All of that to say, this movie is just as much for adults as it is for kids. Everyone should see this. And if you have never seen a Miyazaki film before, start with this one. But don’t stop. Your life will just get better and better the more you see.

Ponyo is not my favorite Miyazaki film. It’s not my least favorite either. But the amazing thing is, this man could put out a movie about almost anything and it would be better than any animation coming out of America right now. It’s so ironic that Disney distributes his stuff here. The best thing they have done in the last several years is the animated sequences in Enchanted. And believe me, Ponyo is better than that.

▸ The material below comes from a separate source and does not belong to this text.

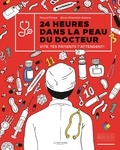 Pascal Prévot et Anne-Charlotte Gautier - 24 heures dans la peau du docteur - Vite, tes patients t'attendent !.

Hayao Miyazaki described his newest film Ponyo as a reinvention of Disney’s The Little Mermaid. I can see that. If by “reinventing” he meant making a far more spectacular, bizarre, and heartwarming story than Ariel and pals could ever hope to be a part of. Ponyo is absolutely perfect. Despite its perfection, however, some critics have found aspects to complain about. Here are some of those arguments and my reasons as to why they are wrong:

The voice actors– While I had great trust in Tina Fey, Liam Neeson, Cate Blanchett, and the other big names who contributed their voices to this film, I was not too psyched about the potential disasters of having the youngest Cyrus and youngest Jonas brother voice Ponyo and Sōsuke. I thought it was nepotistic and unnecessary. However, I, reluctantly, thought both Disney copyrighted children did excellent jobs of voice-acting. They were charming and adorable, damn it. Frankie Jonas’ rendition of Sōsuke reminded me of a new generation’s Linus from Peanuts, which is just about the best compliment I can give.

Anti-climactic ending– In both Spirited Away and Ponyo there is a Test administered to the lead character at the finale of the film. In both instances, the Test is built up to seem complex and impenetrable and ends up being fairly easy. A question is asked, the hero replies, and it’s all done. Everyone is happy! While it is a very simple way of ending a film, I think it totally works for Miyazaki’s form of storytelling. There is no need for a final battle after all that the film’s lead has been through. Besides, Miyazaki fashions such beautiful images and fantasies, he really doesn’t need to adhere to Hollywood Movie-Making 101.

“Too childish”- I have heard and read many reviews that have complained of the lack of sophistication in Ponyo. I agree that, compared to his more recent films (Howl’s Moving Castle, Spirited Away, and Princess Mononoke), Ponyo is much more of a children’s movie: it has a much shorter running time, less scary images, and centers on two young children. However, to see these elements as flaws is unreasonable. If anything, I think viewers should celebrate Miyazaki’s ability, at the age of 68, to capture the wonder and innocence of a child. Ponyo is a both breathtakingly beautiful and giggle-inducingly adorable story of the purity of love. A love between a five-year-old boy named Sōsuke and a goldfish girl to whom he gives the name Ponyo and promises to protect forever. And in watching this film, marveling at the grandiose sea world and mythology that is created, adults can be transported to the same state of child-like curiosity and awe.

As David said, Ponyo is a masterpiece. It is stunning. It is sweet. It is runner up, in my book, to the best children’s film made in the past five years (after Wall-E, of course).  It is so great that my sister and I went and adopted a goldfish immediately after viewing the film. We named her Ponyo and sang her the song from the movie’s credits. Unfortunately, Ponyo past away yesterday. And Ponyo, just as the film she was named for, will live on in my heart forever.